WHAT THE EXERCISE ASKS: Return the data verbatim, without pictures.

Dataset items:
* * * * * * *
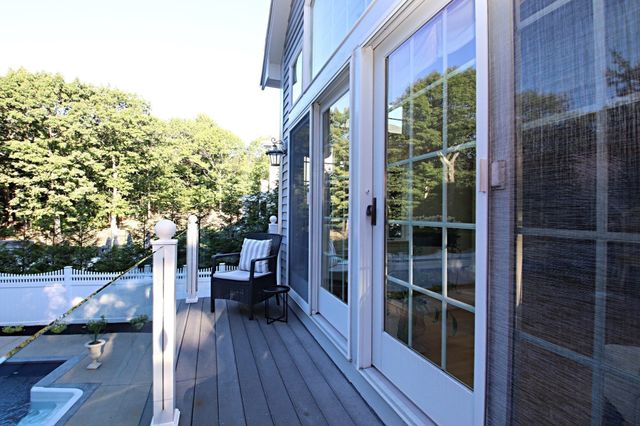33 Sanders Drive, Saugus, MA 01906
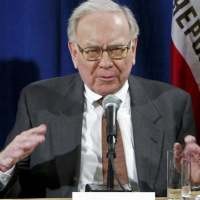 Makan Siang dengan Warren Buffet? Bayar Rp 16,8 Miliar!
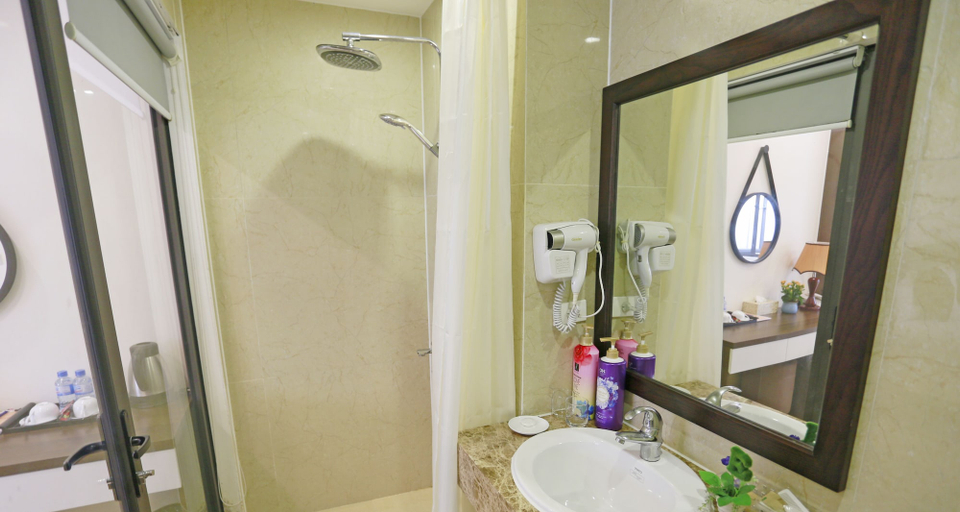 Bathroom 4, K Business 2 Hotel My Dinh, Từ Liêm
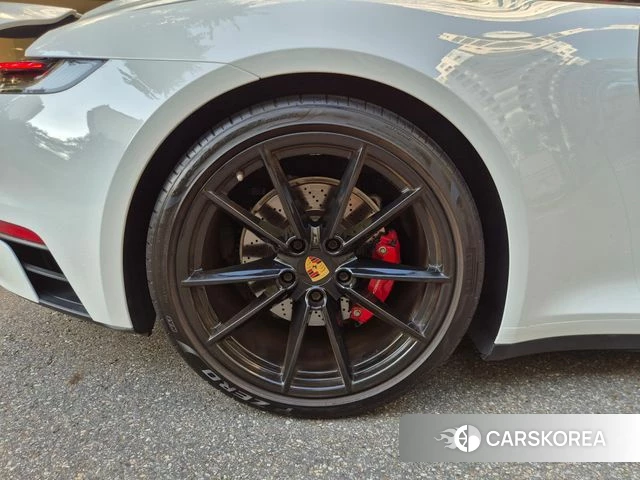 Porsche 911(992) 2020 Белый из Кореи, фото 4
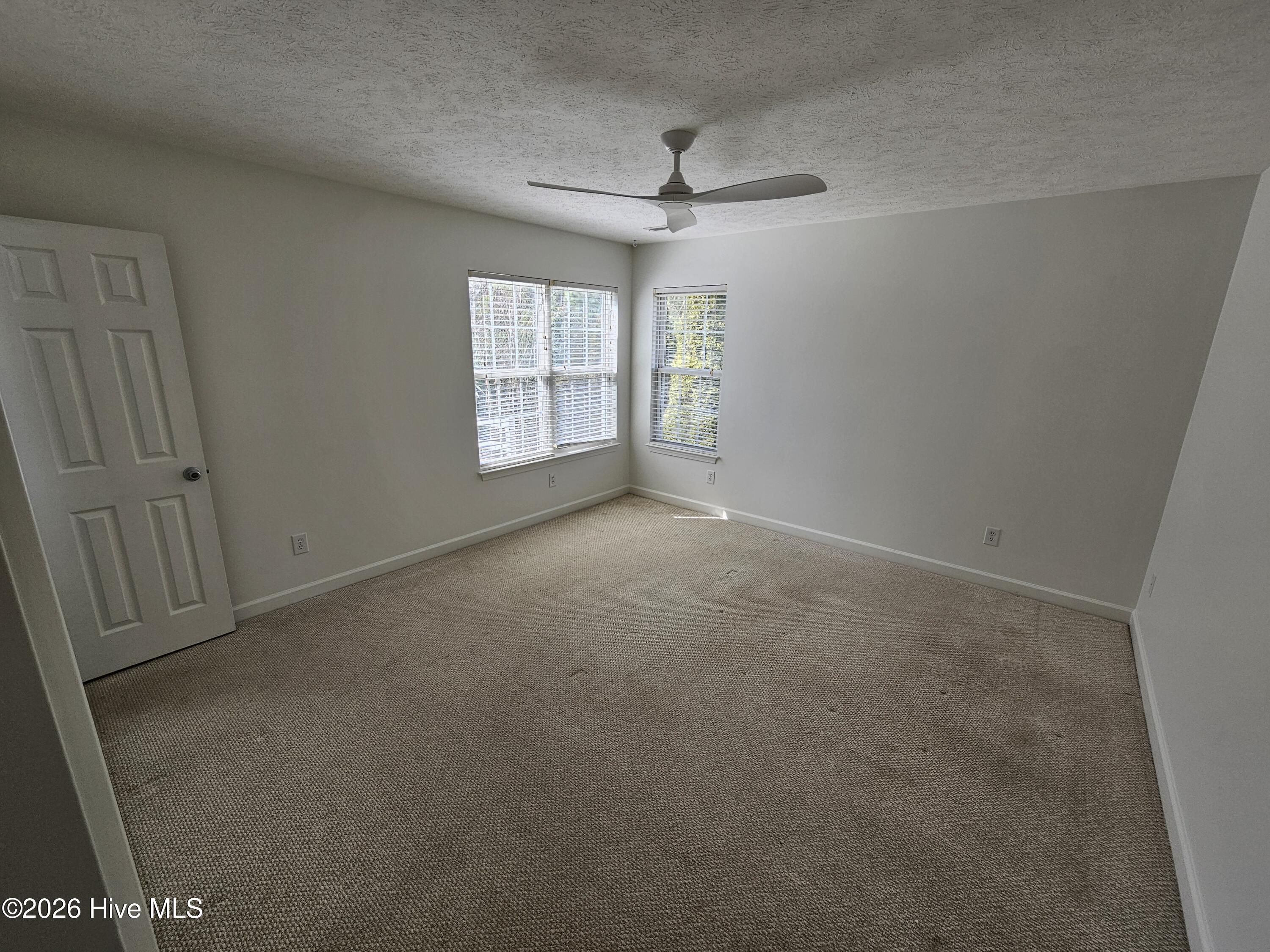 100557905 | Photo 22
* * * * * * *
SOLUTION FOR THIS EXERCISE:
33 Sanders Drive, Saugus, MA 01906
 Makan Siang dengan Warren Buffet? Bayar Rp 16,8 Miliar!
 Bathroom 4, K Business 2 Hotel My Dinh, Từ Liêm
 Porsche 911(992) 2020 Белый из Кореи, фото 4
 100557905 | Photo 22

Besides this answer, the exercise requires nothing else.